Web page caption snippets:
== == ==

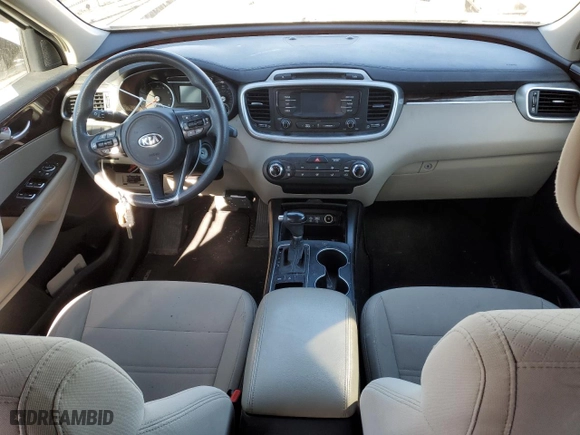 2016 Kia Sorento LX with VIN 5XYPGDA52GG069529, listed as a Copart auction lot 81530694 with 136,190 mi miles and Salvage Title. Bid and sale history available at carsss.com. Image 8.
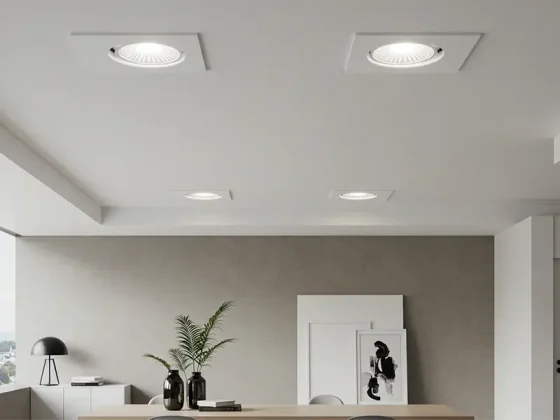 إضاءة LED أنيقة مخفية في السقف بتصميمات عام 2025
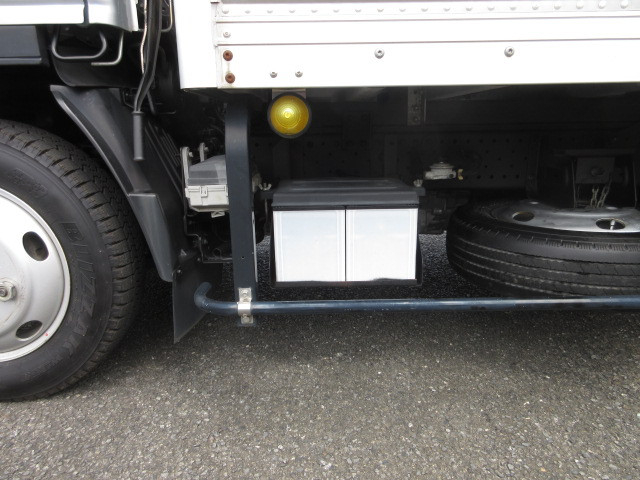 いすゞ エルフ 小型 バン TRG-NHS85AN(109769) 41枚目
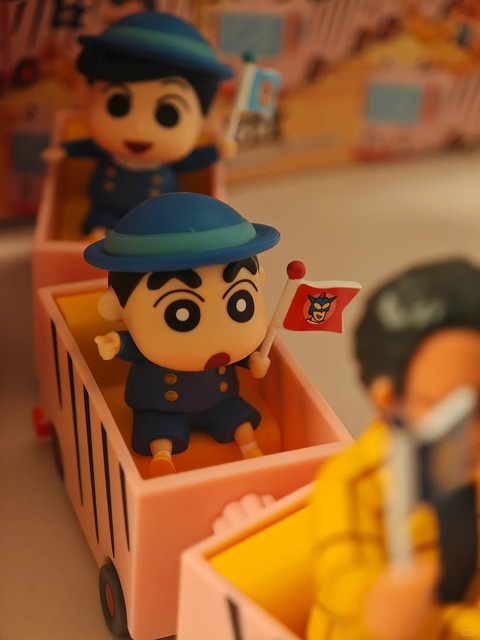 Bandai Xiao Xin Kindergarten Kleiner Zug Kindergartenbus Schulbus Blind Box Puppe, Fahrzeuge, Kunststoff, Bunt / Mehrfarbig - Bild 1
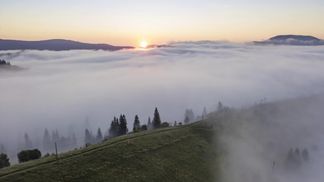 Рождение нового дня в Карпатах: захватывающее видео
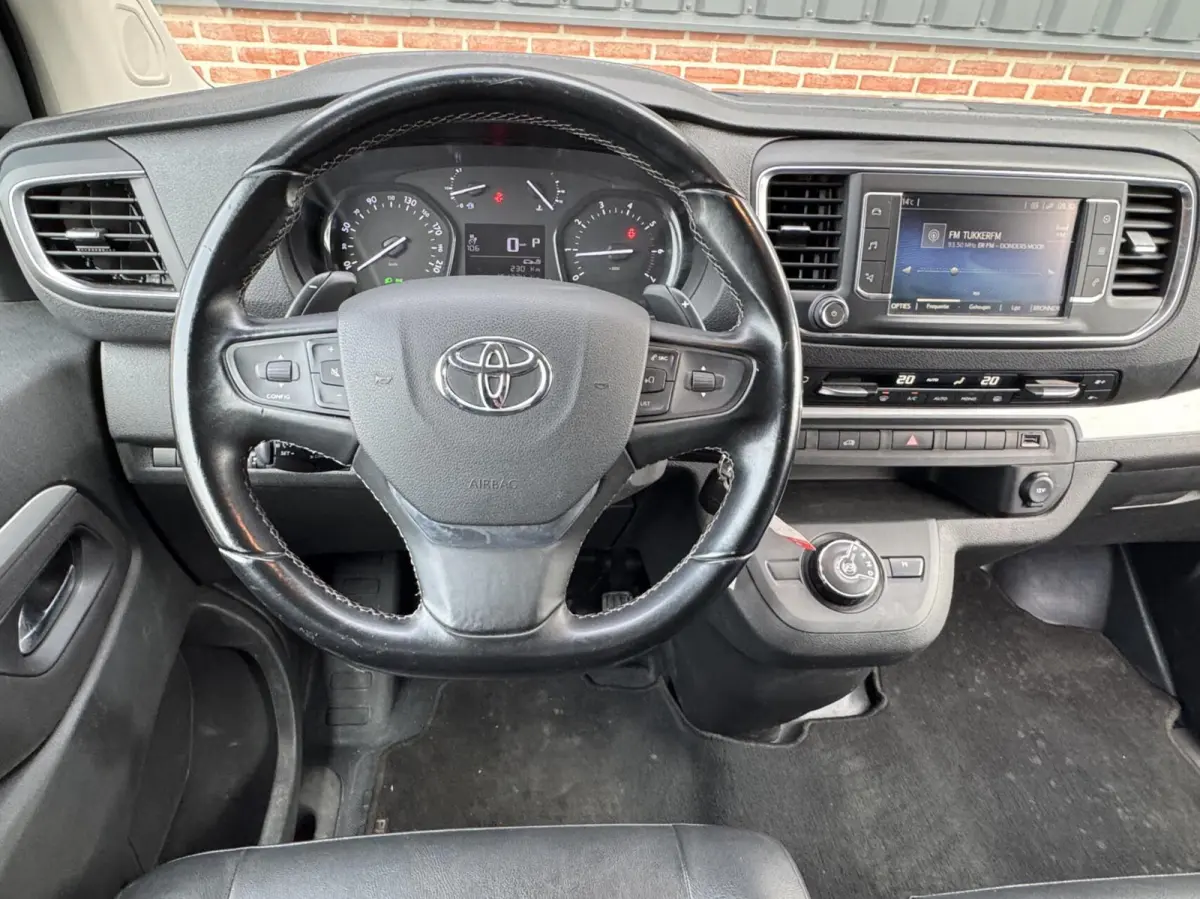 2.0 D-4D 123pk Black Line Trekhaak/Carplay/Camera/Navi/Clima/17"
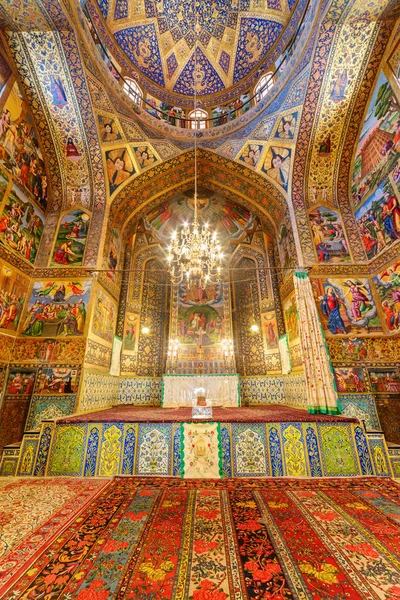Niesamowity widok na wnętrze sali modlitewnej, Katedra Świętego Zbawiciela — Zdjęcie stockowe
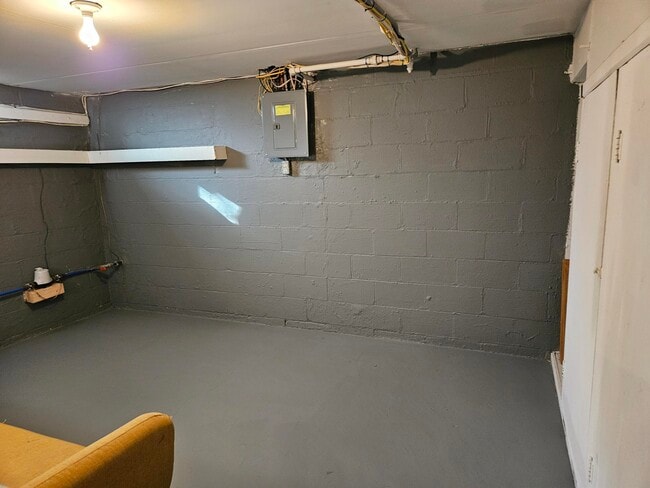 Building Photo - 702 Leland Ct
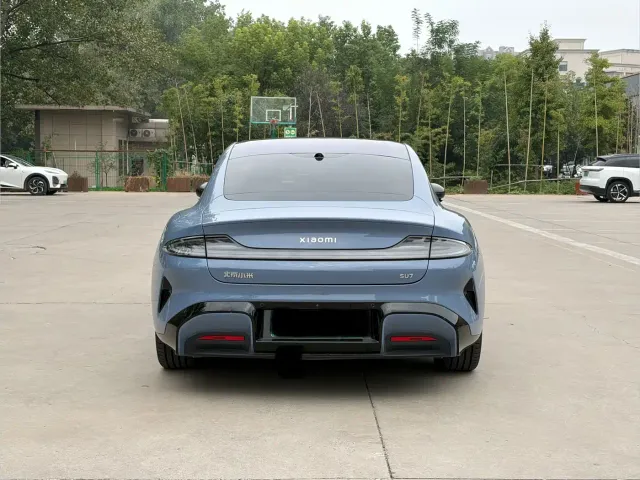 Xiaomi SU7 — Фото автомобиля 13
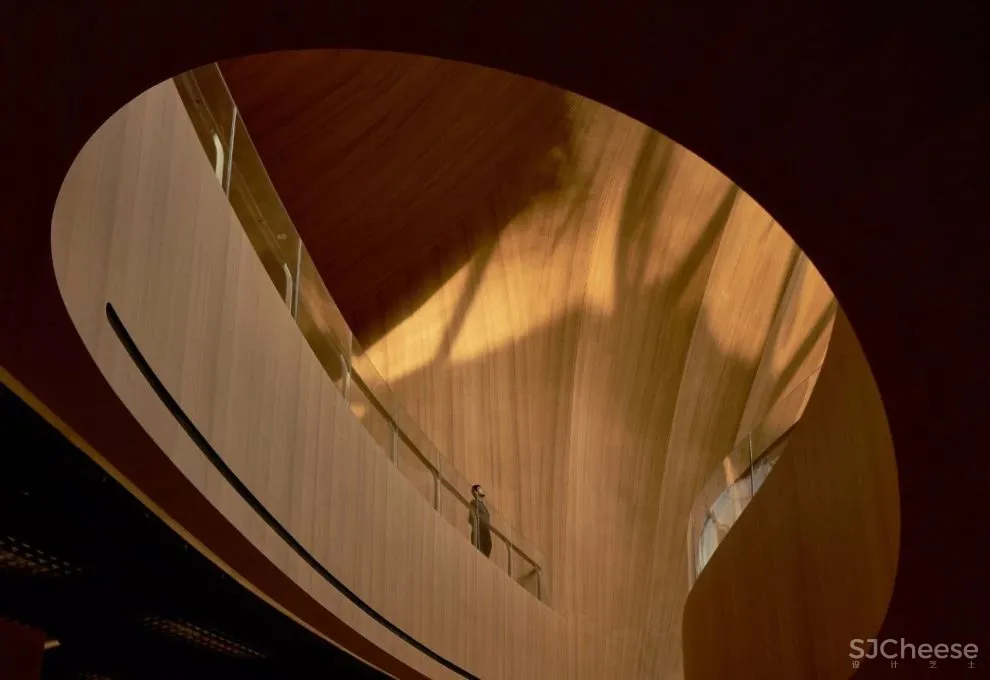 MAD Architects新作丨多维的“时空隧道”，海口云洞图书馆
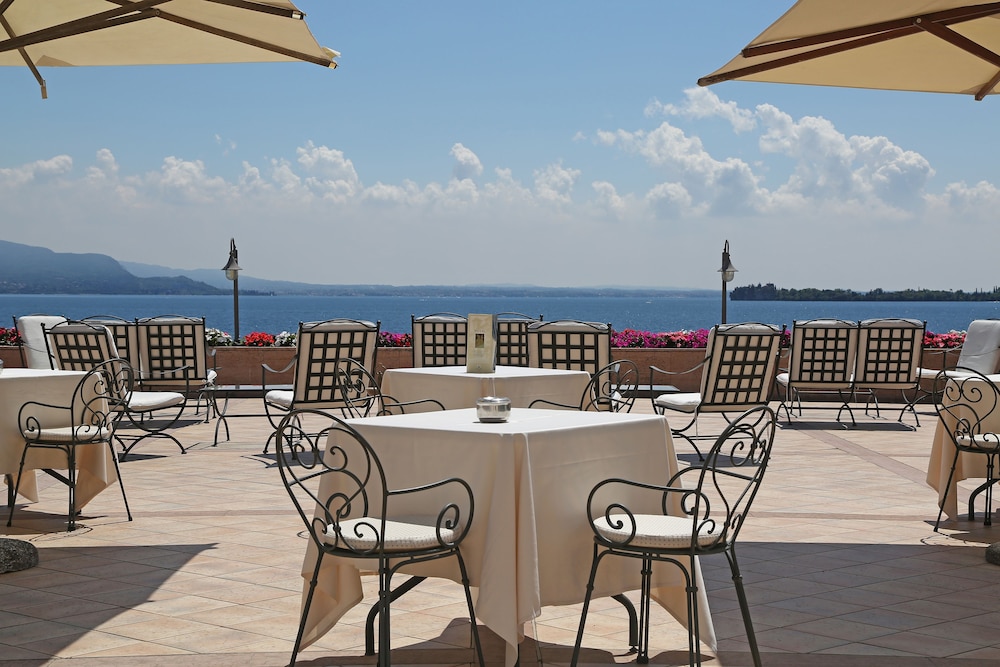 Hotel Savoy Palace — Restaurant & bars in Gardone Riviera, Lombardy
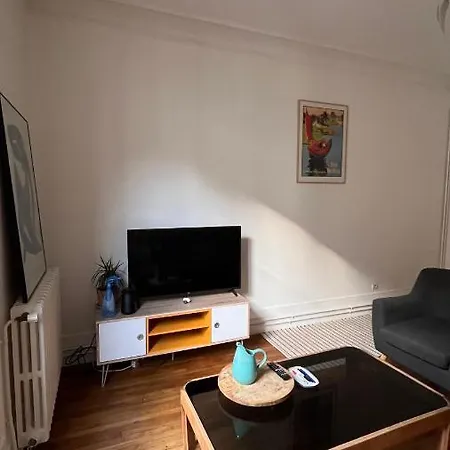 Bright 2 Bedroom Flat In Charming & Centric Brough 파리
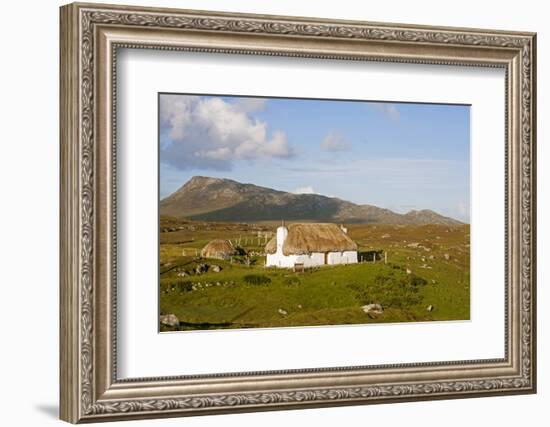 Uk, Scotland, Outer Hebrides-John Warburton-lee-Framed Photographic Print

== == ==

Goal of the exercise:
Starting with the line that holds "Bandai Xiao Xin", print each line through the last one of the data exactly as written, but do not include the pictures.

Response to the task:
 Bandai Xiao Xin Kindergarten Kleiner Zug Kindergartenbus Schulbus Blind Box Puppe, Fahrzeuge, Kunststoff, Bunt / Mehrfarbig - Bild 1
 Рождение нового дня в Карпатах: захватывающее видео
 2.0 D-4D 123pk Black Line Trekhaak/Carplay/Camera/Navi/Clima/17"
Niesamowity widok na wnętrze sali modlitewnej, Katedra Świętego Zbawiciela — Zdjęcie stockowe
 Building Photo - 702 Leland Ct
 Xiaomi SU7 — Фото автомобиля 13
 MAD Architects新作丨多维的“时空隧道”，海口云洞图书馆
 Hotel Savoy Palace — Restaurant & bars in Gardone Riviera, Lombardy
 Bright 2 Bedroom Flat In Charming & Centric Brough 파리
 Uk, Scotland, Outer Hebrides-John Warburton-lee-Framed Photographic Print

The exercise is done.